Content starts

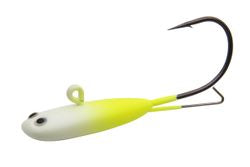 OPM Osku Mademorri 30g (1oz) Burbot Lures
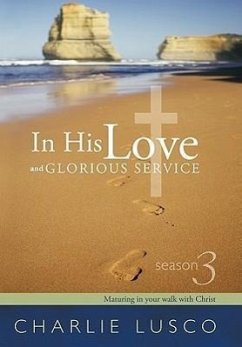 In His Love and Glorious Service - Lusco, Charlie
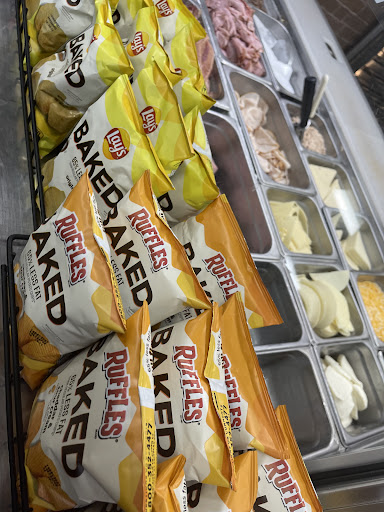 Restaurant «SUBWAY®Restaurants», reviews and photos, 14905 S Stagecoach Trail, Cordes Lakes, AZ 86333, USA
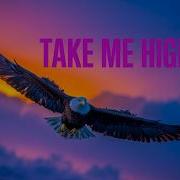 Take Me Higher English EDM Dance Song Uplifting Party Vibes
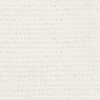 vidaXL Sunshade Sail 160 g/m² White 3.5x5 m HDPE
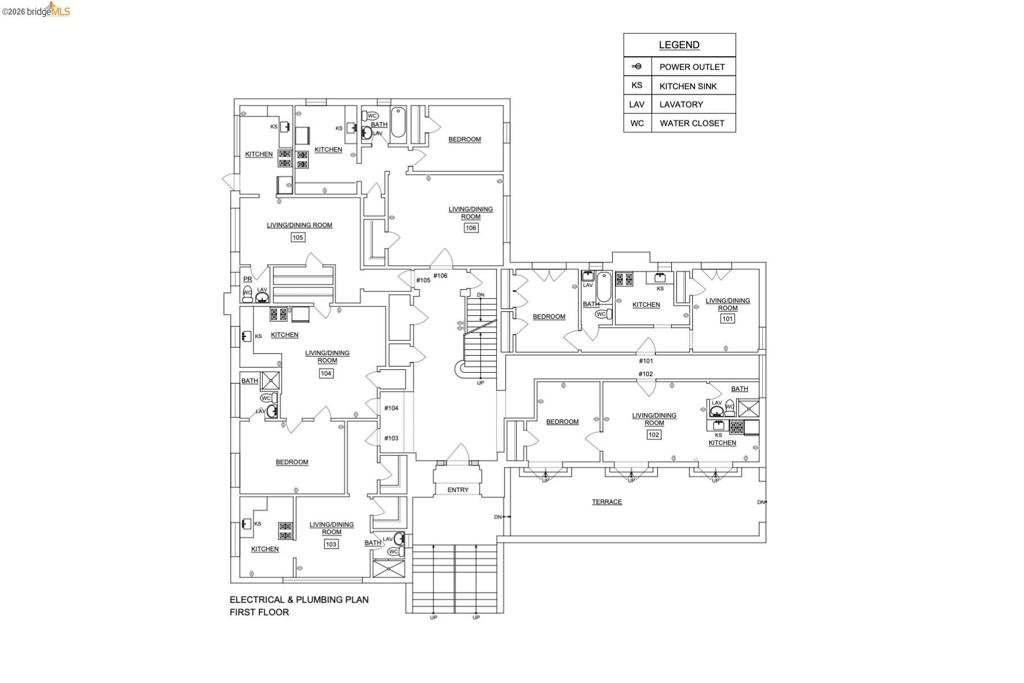 2510 Le Conte Ave Property Photo 35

Content ends

Please reproduce, exactly and only, the lines from the line containing "Take Me Higher" through the last line of the material above, minus any pictures.

 Take Me Higher English EDM Dance Song Uplifting Party Vibes
 vidaXL Sunshade Sail 160 g/m² White 3.5x5 m HDPE
 2510 Le Conte Ave Property Photo 35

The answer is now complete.